--- Information provided ---
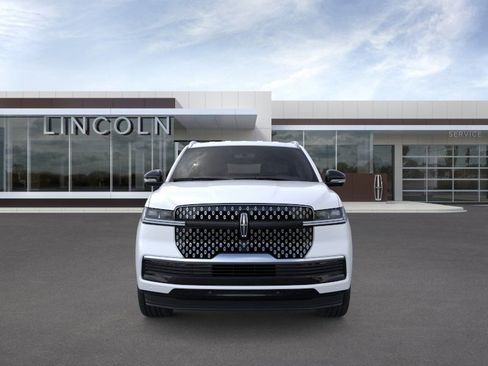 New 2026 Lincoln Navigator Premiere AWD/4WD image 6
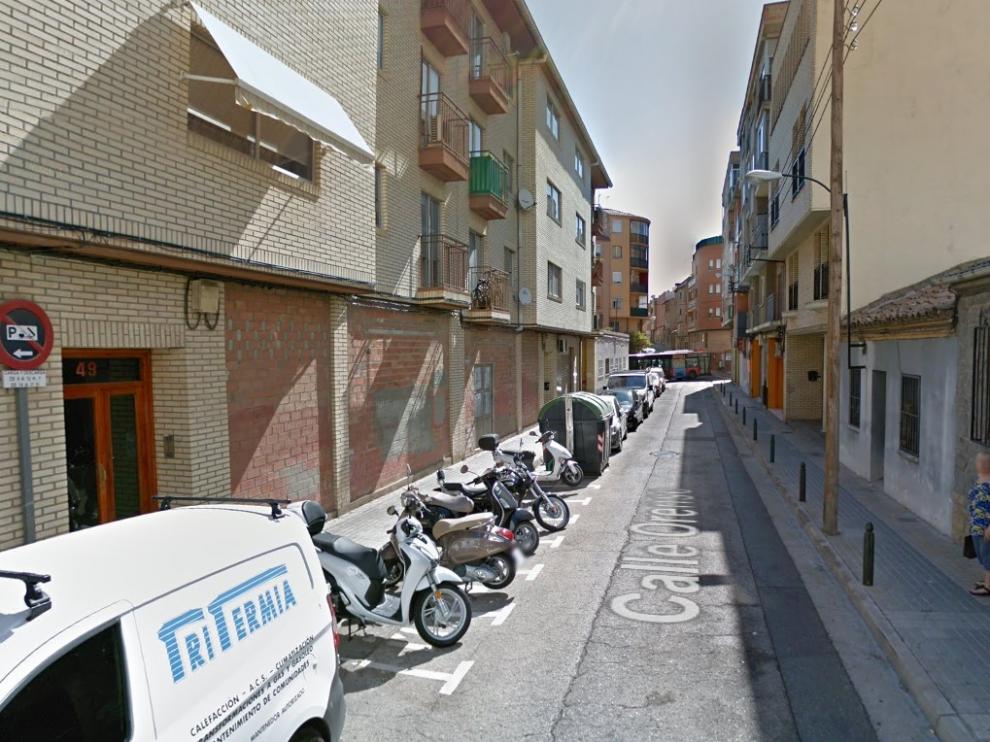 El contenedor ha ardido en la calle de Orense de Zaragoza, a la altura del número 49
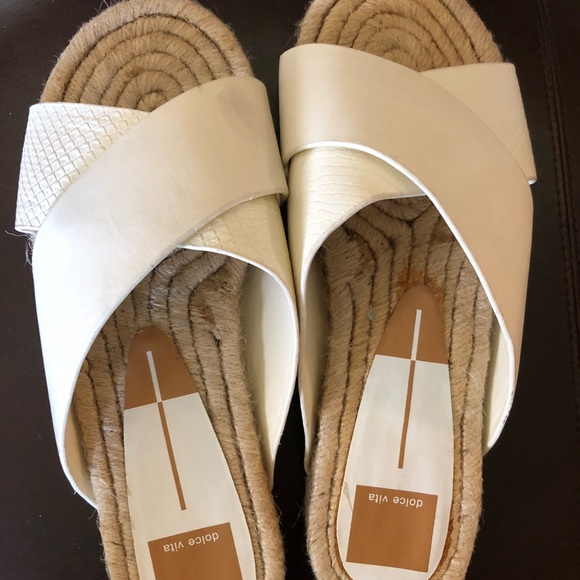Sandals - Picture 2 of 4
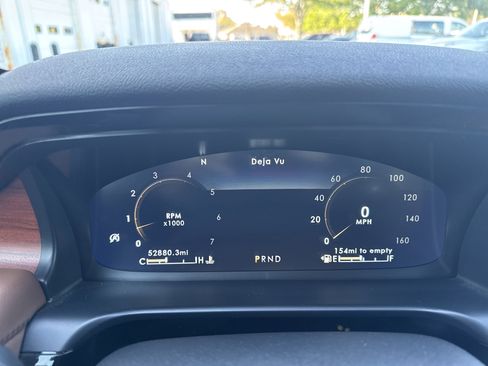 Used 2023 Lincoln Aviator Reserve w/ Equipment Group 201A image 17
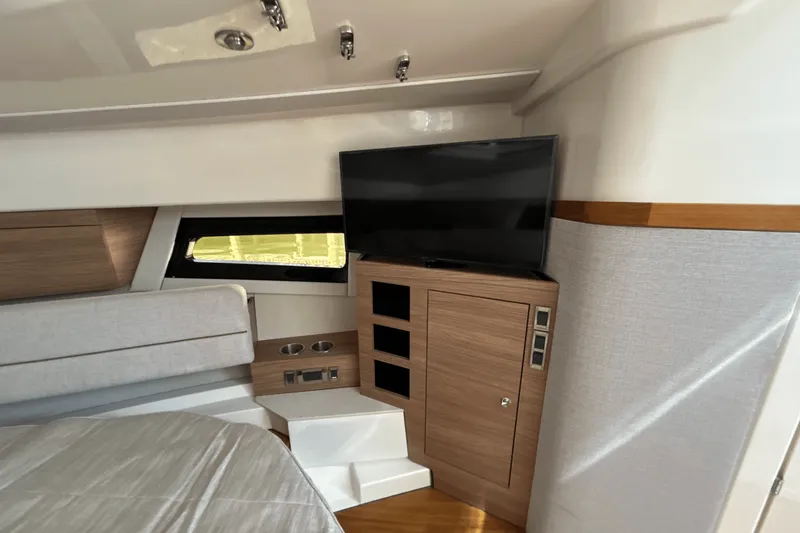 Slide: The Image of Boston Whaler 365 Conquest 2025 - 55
---
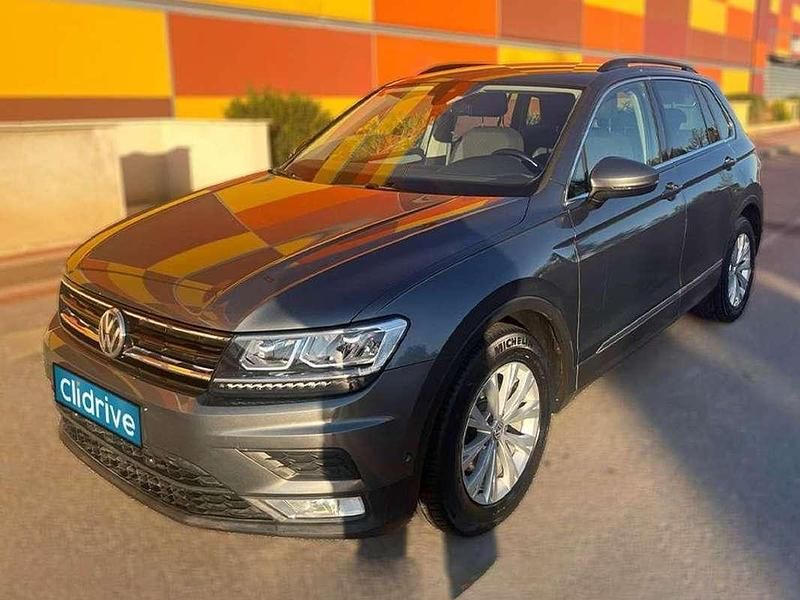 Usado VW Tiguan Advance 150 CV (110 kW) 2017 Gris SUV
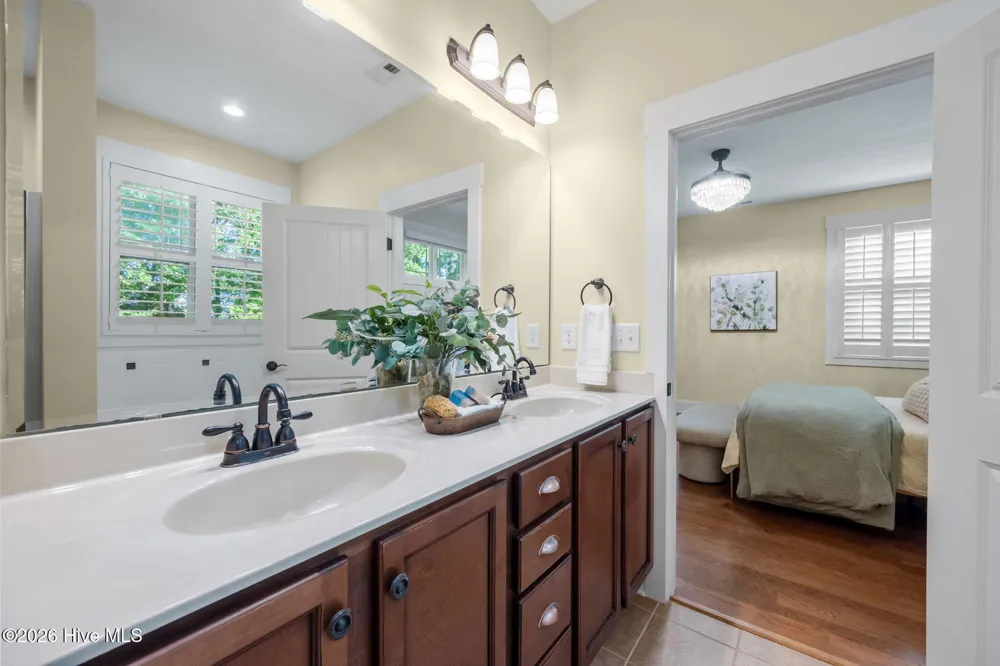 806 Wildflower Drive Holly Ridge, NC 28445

--- Task statement ---
Without the pictures, set down the lines above from the line with "Used 2023 Lincoln" up to and including the line with "Slide: The Image" exactly as they stand.

--- Written answer ---
 Used 2023 Lincoln Aviator Reserve w/ Equipment Group 201A image 17
 Slide: The Image of Boston Whaler 365 Conquest 2025 - 55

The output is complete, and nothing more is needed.